1983 European Cup Winners' Cup final
- Match programme cover
- Event: 1982–83 European Cup Winners' Cup
| Aberdeen | Real Madrid |
| Scotland | Spain |
| 2 | 1 |
- After extra time
- Date: 11 May 1983
- Venue: Nya Ullevi, Gothenburg
- Referee: Gianfranco Menegali (Italy)
- Attendance: 17,804

= 1983 European Cup Winners' Cup final =

The 1983 European Cup Winners' Cup Final was a football match contested between Aberdeen of Scotland and Real Madrid of Spain. It was the final match of the 1982–83 European Cup Winners' Cup tournament and the 23rd European Cup Winners' Cup final, a football tournament contested by the winners of each qualifying nation's national cup.

Aberdeen played one more round than Real Madrid as they were required to play in a preliminary round prior to the first round proper. Matches until the final were held over two legs, whereas the final itself was a single match at a neutral venue. The final was held at Nya Ullevi in Gothenburg, Sweden.
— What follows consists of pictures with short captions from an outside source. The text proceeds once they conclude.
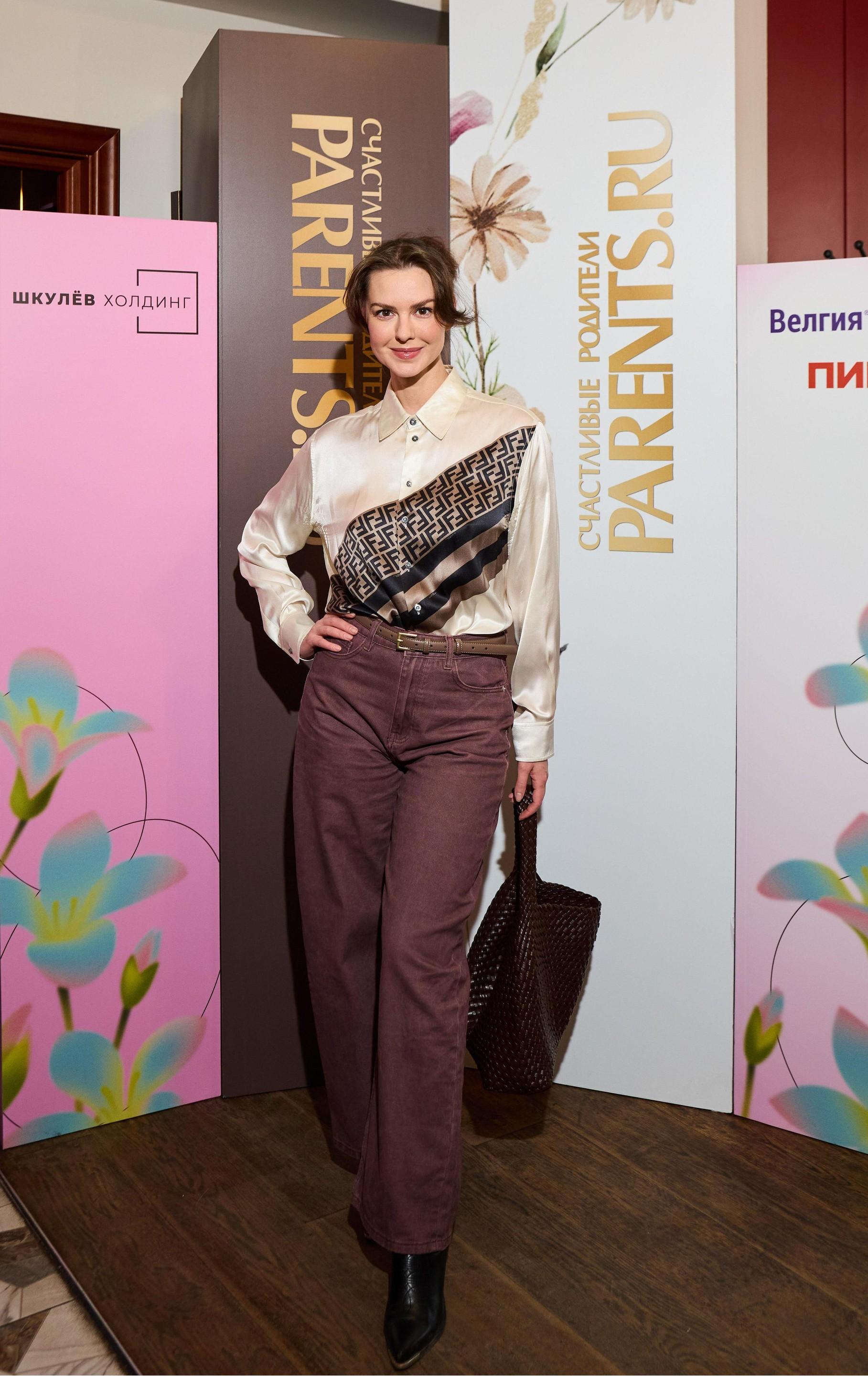 Лянка Грыу, Светлана Зейналова, Анетта Орлова и другие звездные родители посетили паблик-ток «Дети будущего» Евгения, рассказала, также, семья, будут, через, родители, чтобы, Александра, детям, навыки, важно, какие, будущее, будет, более, мышление, Клуба, Лянка, жизни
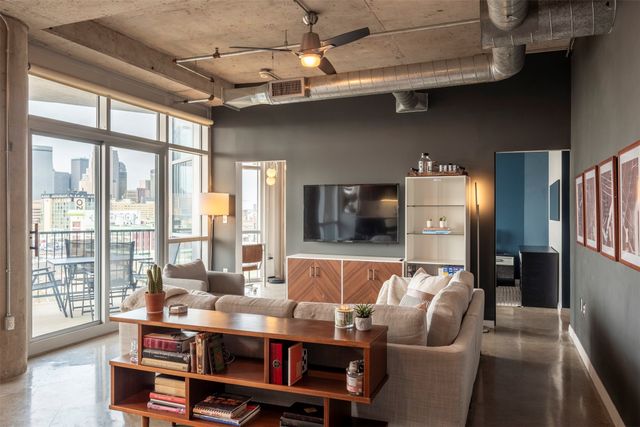 1001 Belleview Street 707, Dallas, TX 75215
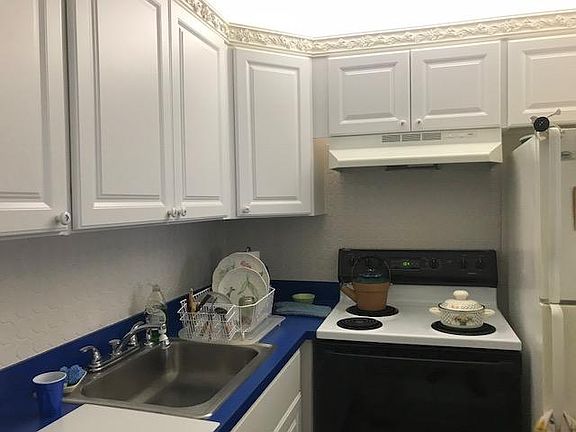 3rd image of 194 Camden I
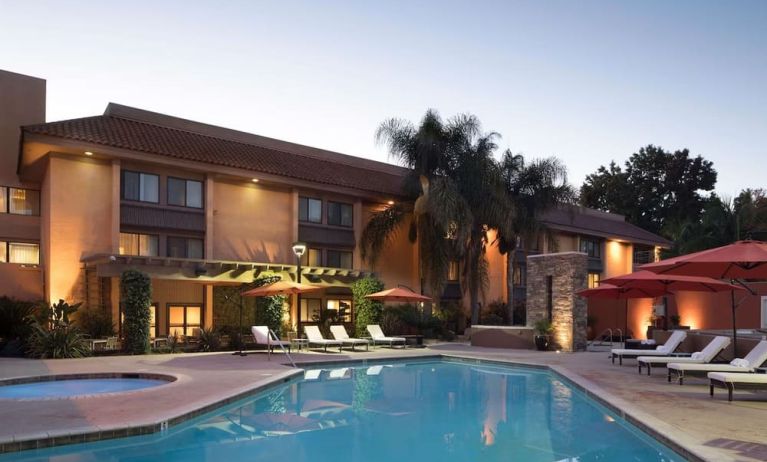 Outdoor pool at Sonesta Silicon Valley.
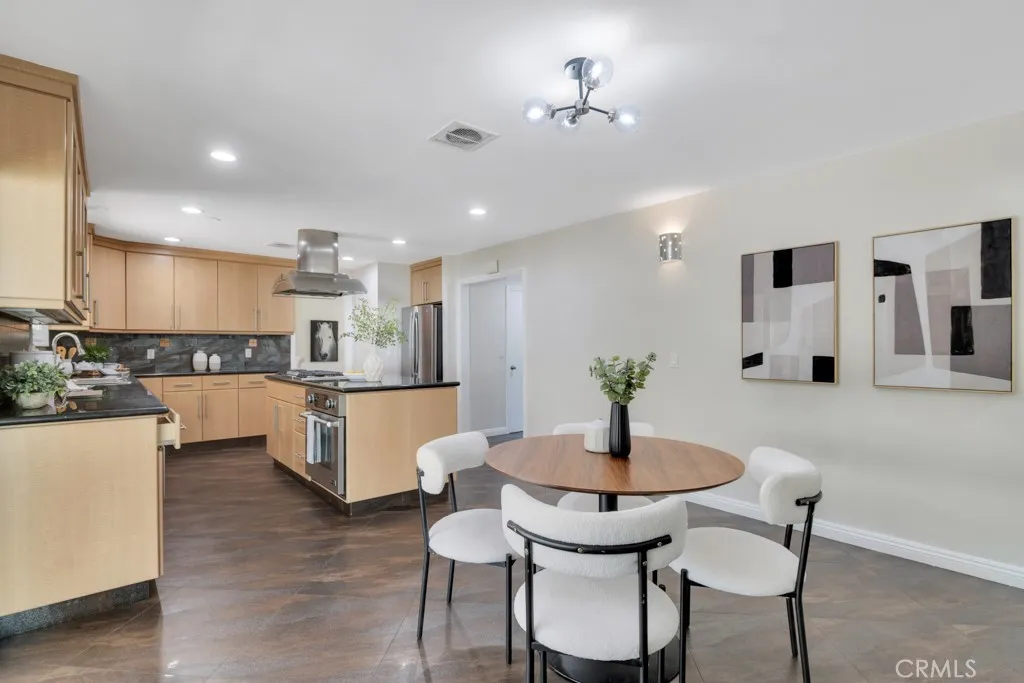 Additional image 6 of 23942 Califa St, Woodland Hills, CA 91367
Watched by a crowd of 17,804, Aberdeen took the lead early in the first half with a goal by Eric Black, but Madrid drew level following a penalty scored by Juanito in the fifteenth minute. At the end of normal time, the match remained at 1–1. The match went into extra time, with the winning goal scored for Aberdeen by John Hewitt in the 112th minute. Aberdeen won the match 2–1 and won their first European trophy. This would be both clubs' last Cup Winners' Cup final; as the competition was folded in 1999, Real Madrid – which by then had already won six European Cups and would win two UEFA Cups later that decade – will never achieve the record of winning all three pre-1999 major European trophies (European Cup/Champions League, UEFA Cup/Europa League and the Cup Winners' Cup).

==Route to the final==

| SCO Aberdeen |  |  |  |  | ESP Real Madrid |  |  |  |
|---|---|---|---|---|---|---|---|---|
| Opponent | Agg. | 1st leg | 2nd leg |  | Opponent | Agg. | 1st leg | 2nd leg |
| SUI Sion | 11–1 | 7–0 (H) | 4–1 (A) | Prel. round | Bye |  |  |  |
| ALB Dinamo Tirana | 1–0 | 1–0 (H) | 0–0 (A) | First round | ROM Baia Mare | 5–2 | 0–0 (A) | 5–2 (H) |
| POL Lech Poznań | 3–0 | 2–0 (H) | 1–0 (A) | Second round | HUN Újpesti Dózsa | 4–1 | 3–1 (H) | 1–0 (A) |
| FRG Bayern Munich | 3–2 | 0–0 (A) | 3–2 (H) | Quarter-finals | ITA Inter Milan | 3–2 | 1–1 (A) | 2–1 (H) |
| BEL Waterschei Thor | 5–2 | 5–1 (H) | 0–1 (A) | Semi-finals | AUT Austria Wien | 5–3 | 2–2 (A) | 3–1 (H) |

===Aberdeen===
Aberdeen qualified for the 1982–83 European Cup Winners' Cup after they defeated Rangers 4–1 in the 1982 Scottish Cup Final on 22 May 1982. They began their European Cup Winners' Cup campaign against Swiss team Sion, with a home game at Pittodrie Stadium on 18 August 1982. Eric Black scored in the first minute of the game, and Aberdeen went on to win 7–0. The return match was played on 1 September 1982. Aberdeen were drawn against Dinamo Tirana from Albania in the first round proper. The first leg was played at home once again, and the Scottish team won 1–0. The return leg resulted in a goalless draw, sending Aberdeen through.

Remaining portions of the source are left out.